What are your honest and brutal opinions?
She stands at her kitchen sink, staring out the window to the front lawn. At a distance, she can see the Eastman’s house. Halfway between the brown Mrs. Eastman had painted it last month, and the olive green she decided to start painting it today. A restless house. Never satisfied in its image. Closer, she spies a FOR SALE sign on the Eastman’s lawn and tries to remember how many FOR SALE signs she’s seen there over the past sixteen years. She can’t. Too many. Yet, the Eastmans had lived there the day she’d moved to this block. And they live there still. And her front lawn. Their front lawn. Neat and tidy. The Japanese oak stunted, yet vibrant and full of fire. She remembers seeing a dried up mound of dog shit at its base this morning. Fucking dogs. And the owners who let their dogs shit on her lawn – their lawn – with not even the pretense of cleaning up after the canines. Fuck them.

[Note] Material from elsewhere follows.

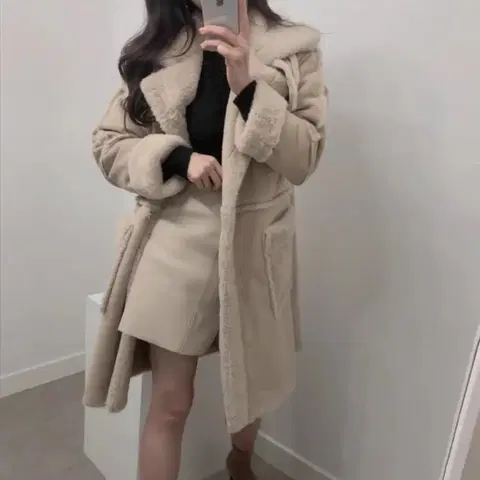 무스탕 롱 코트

She drops her hands into the sink. Full of dishes. Always. Cereal caked to the side of the deep blue bowls. Coffee and lipstick ringed mugs. One inside the other and a dinner plate balanced artfully atop a milky spoon. Now with the water on and a sigh. She leans over to open the dishwasher. Her silent dishwasher. It was emptied this morning, but not without begging and ultimately threatening. Rinse and place is the motion. The repetition. The sequence of events for the next twenty minutes. An engine sounds somewhere down their street and still stooped, she cocks her head to see who might be there. It passes, but she notices a little spot of something on the window and moves closer for better inspection. It is brown. Reddish brown. A splash of reddish brown color on the window. Standing on her tip toes and using the granite counter top for balance, she peers onto the grass directly below the window. There she spies only a small pile of white and gray feathers. A small pile of white and gray feathers and a splash of reddish brown color on the window.